In the first place, because the goods sold were charged to *186T. Blackman as an individual, and so the credit was given to him, and not to the defendants. A sufficient answer to this claim is, that the fact is found otherwise; it is found that the credit was given to the defendant corporation of which Black-man was treasurer, the plaintiffs not knowing the name of the corporation.

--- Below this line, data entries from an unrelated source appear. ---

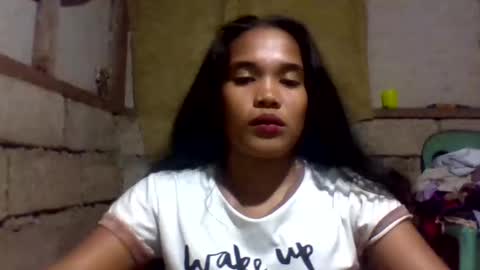 morenagirlpinay18 online show from March 17, 3:27 pm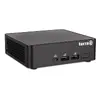 Terra PC-Micro 5000 B-Ware Mini PC Photo 2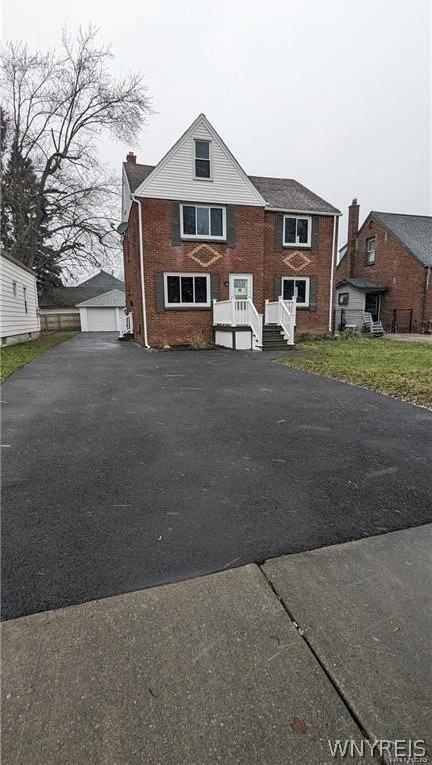 78 Kirkwood Dr - Photo 4 of 25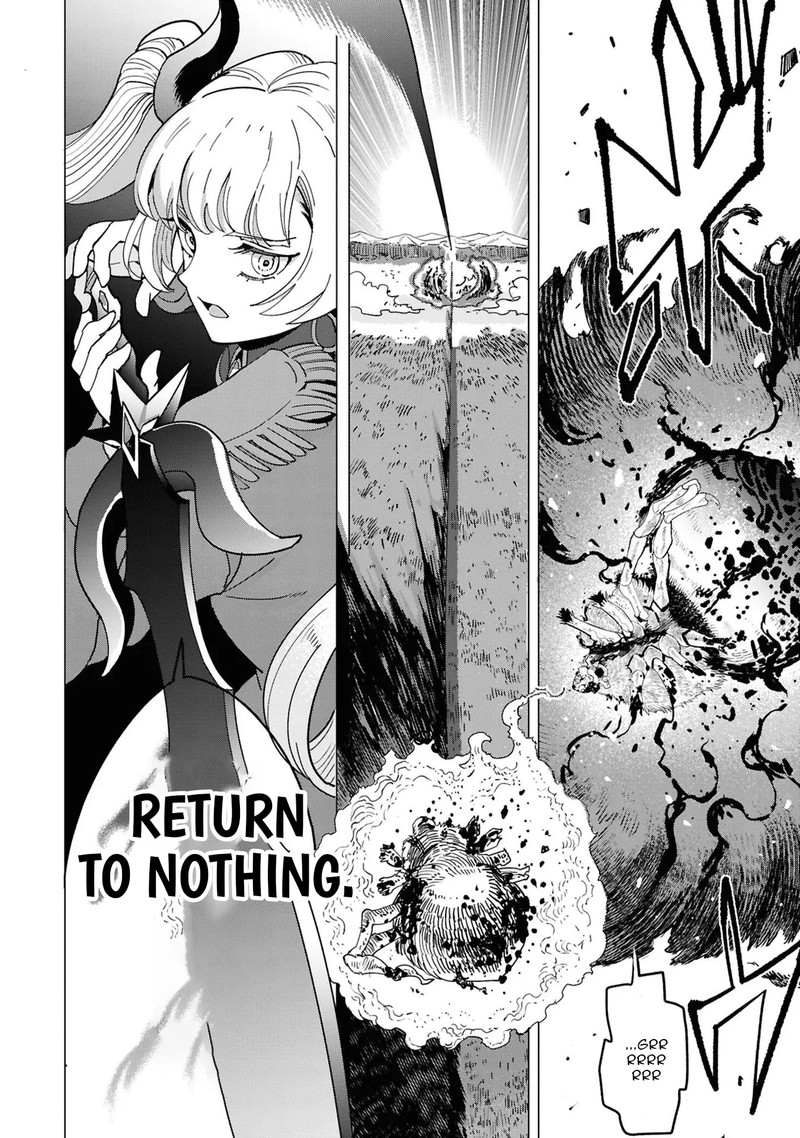 souzou_renkinjutsu_shi_wa_jiyuu_wo_oukasuru_furusato_wo_tsuihou_saretara_maou_no_wo_hizamoto_de_chouzetsu_kouka_no_magic_item_tsukuri_houdai_ni_narimashita_14_46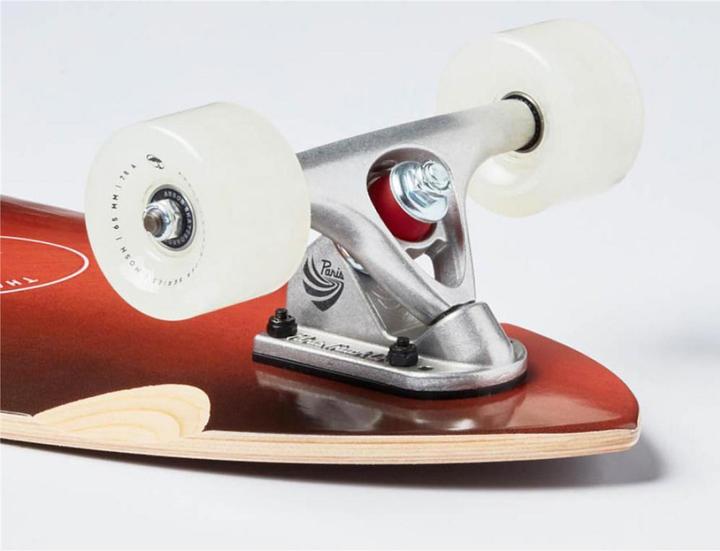 Produktbild Arbor Photo Rally Cruiser (30.50")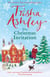 The Christmas Invitation - A feel-good, festive read to keep you cosy this Winter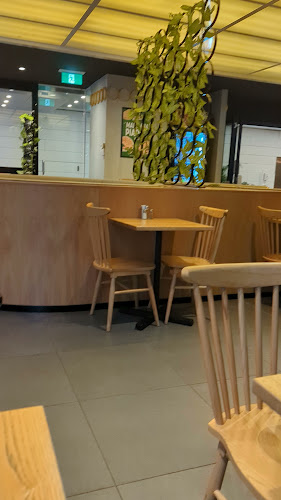 Opinii despre Piccolo Me 456 Lonsdale St în Melbourne - Hospitality and gastronomy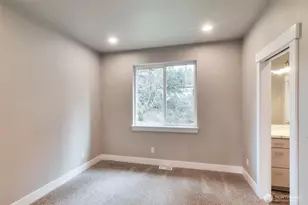 4940 Johnson St NW, Bremerton, WA 98311 - Photo 19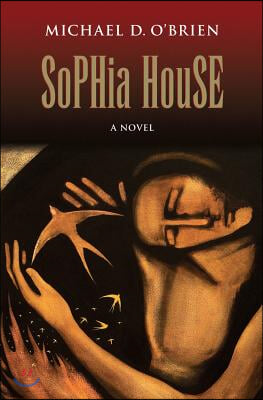 Sophia House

In this connection, an objection was made to any evidence •in explanation of the charge on hook; that it should-he taken as it stood, and all oral testimony respecting it should be excluded. We have no difficulty as to this objection. Greater care and accuracy as to the party charged than was exhibited in this case, in making entries on book of merchandise sold and delivered, would certainly have been commendable. Still, we think the testimony was admissible; and when it appears that the articles were sold on the credit of the defendants, were received and enjoyed by the defendants, and were, on their books, credited to the plaintiffs, we are at loss to discover what grounds the defendants here have for complaint.
Another claim of the defendants is, that if they were ever liable for this debt, that liability was discharged when the plaintiffs took the individual note of Blackman; that presenting that note, and taking a dividend upon it from his estate, was an election, by the plaintiffs, of Blackman as their debtor; and that the defendants were thereby released from any claim the plaintiffs had against them.
These claims would have force if it were not found that the note was neither given nor received in payment of the debt. It was taken in payment only so far as it should prove to be payment; and so the original liability of the defendants was understood to be continued.
The objection to the evidence offered by the plaintiffs, that they were advised by their attorney that their rights would be in no way prejudiced by presenting the note against the estate of Blackman, was properly overruled. It was explanatory of the act; and in connection with the other evidence in the case, went to show that the plaintiffs never intentionally substituted Blackman for their debtor in place of the defendants.
There are no reasons why we should give any undue weight *187to technical objections urged by the defendants in this case. A debt to the plaintiffs was fairly contracted by the defendants, and it has not been paid. Justice demands that it should be. The law should enforce, rather than find means to avoid, the payment.
The motion for a new trial should be denied.
In this opinion the other judges concurred.